◆ Supplied material
┄┄┄┄┄┄┄┄┄┄┄┄┄┄┄┄┄┄┄┄
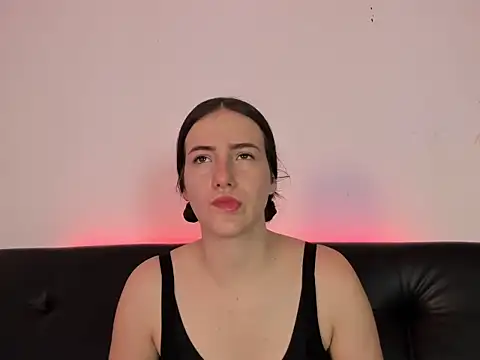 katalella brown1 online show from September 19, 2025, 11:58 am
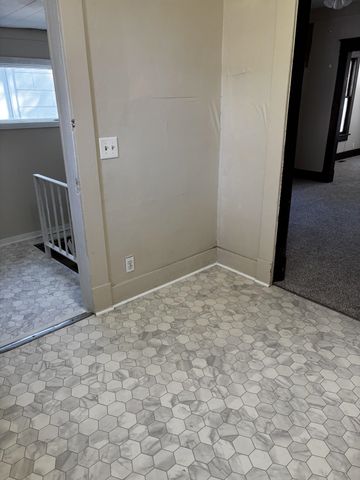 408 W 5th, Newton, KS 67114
┄┄┄┄┄┄┄┄┄┄┄┄┄┄┄┄┄┄┄┄
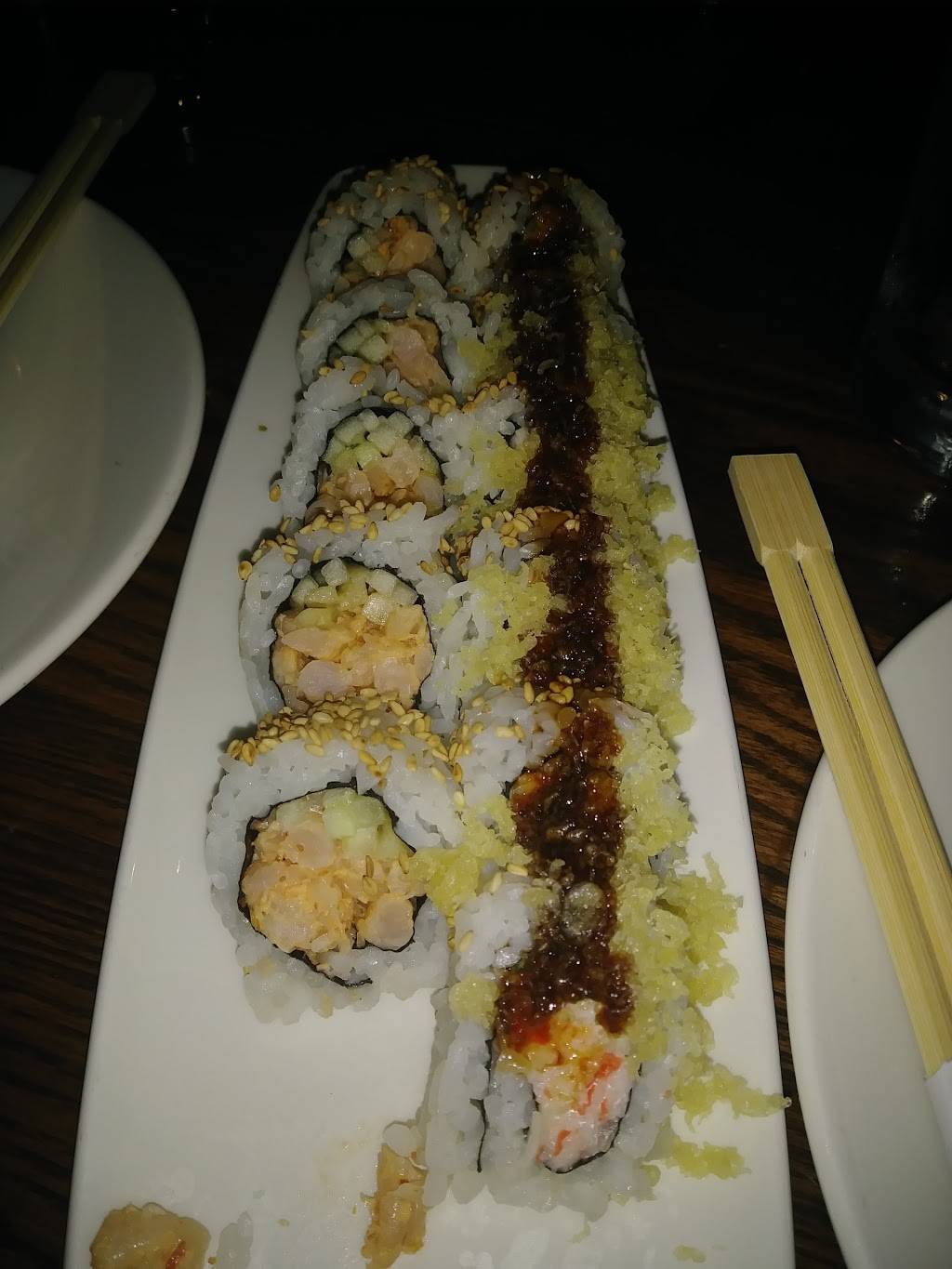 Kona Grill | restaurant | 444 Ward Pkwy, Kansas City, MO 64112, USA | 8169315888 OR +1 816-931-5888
┄┄┄┄┄┄┄┄┄┄┄┄┄┄┄┄┄┄┄┄
◆ Assignment
Starting with the line above that holds "katalella brown1 online", restate each line word for word up to and including the line that holds "408 W 5th, Newton, KS 67114". Drop the pictures.

◆ Written solution
 katalella brown1 online show from September 19, 2025, 11:58 am
 408 W 5th, Newton, KS 67114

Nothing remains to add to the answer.